DATA >>
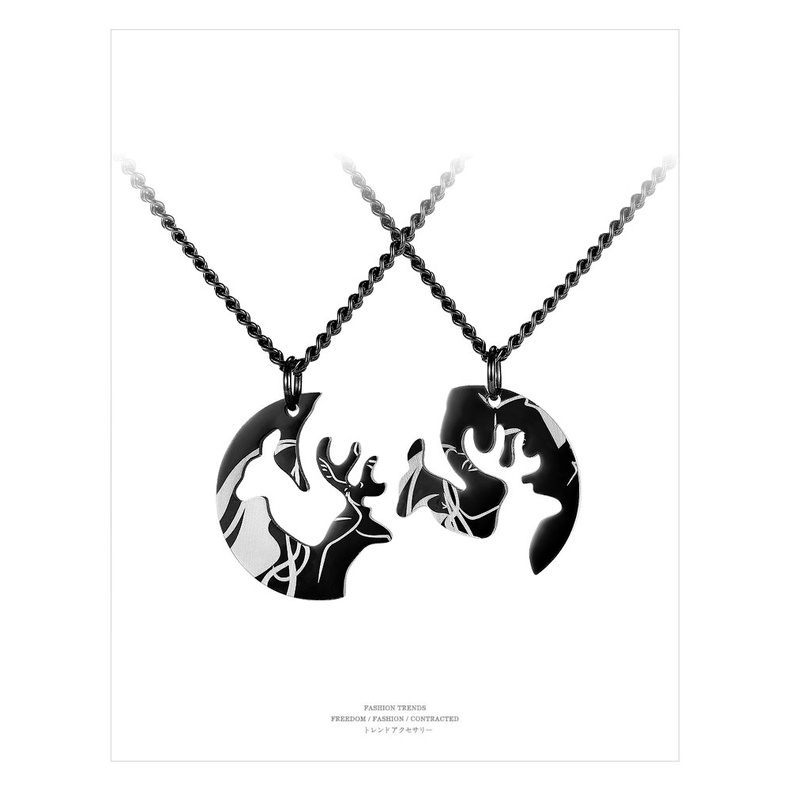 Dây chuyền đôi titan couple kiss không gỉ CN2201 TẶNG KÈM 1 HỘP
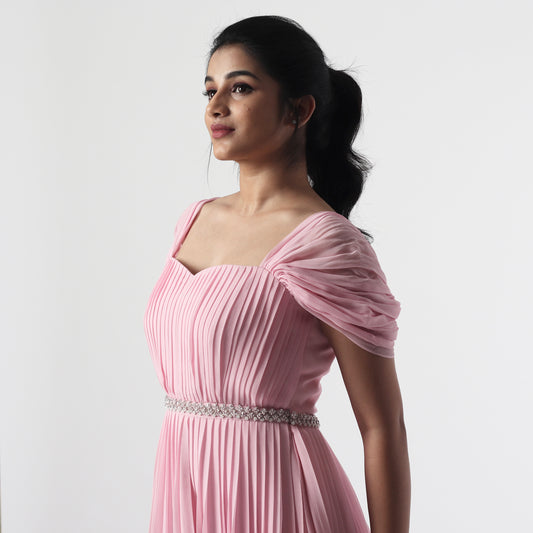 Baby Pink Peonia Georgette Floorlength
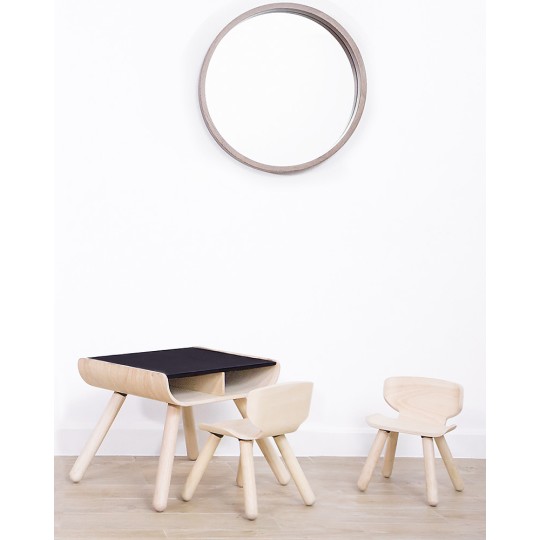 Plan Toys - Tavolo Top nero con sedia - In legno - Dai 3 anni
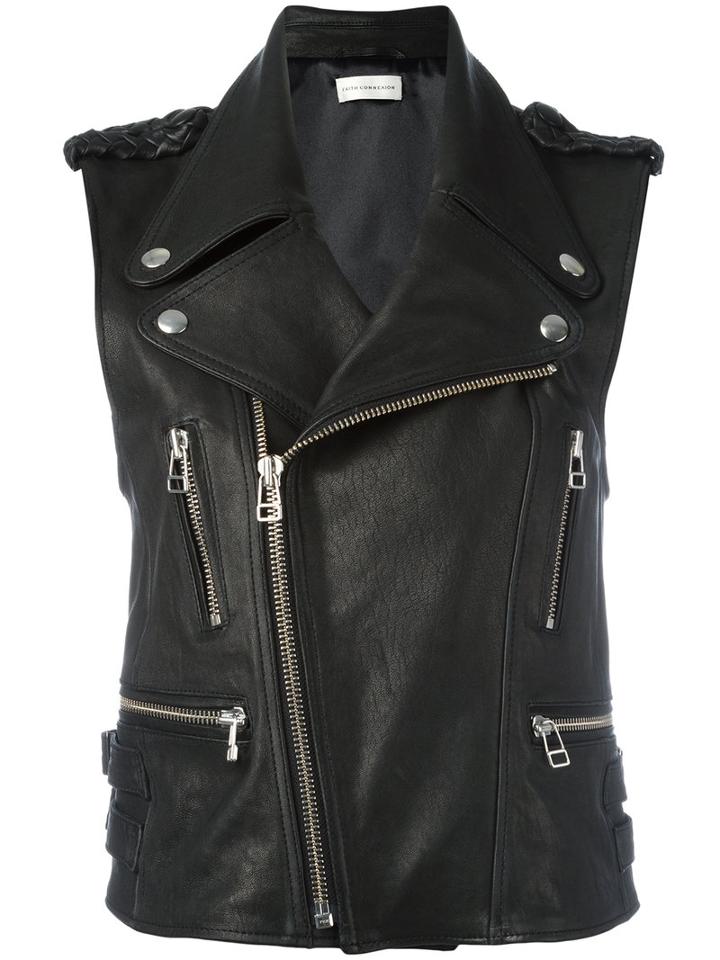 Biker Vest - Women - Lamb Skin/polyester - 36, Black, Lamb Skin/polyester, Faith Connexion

TASK PROMPT >>
Repeat every line above precisely; pictures do not belong in the copy.

ANSWER BOX >>
 Dây chuyền đôi titan couple kiss không gỉ CN2201 TẶNG KÈM 1 HỘP
 Baby Pink Peonia Georgette Floorlength
 Plan Toys - Tavolo Top nero con sedia - In legno - Dai 3 anni
 Biker Vest - Women - Lamb Skin/polyester - 36, Black, Lamb Skin/polyester, Faith Connexion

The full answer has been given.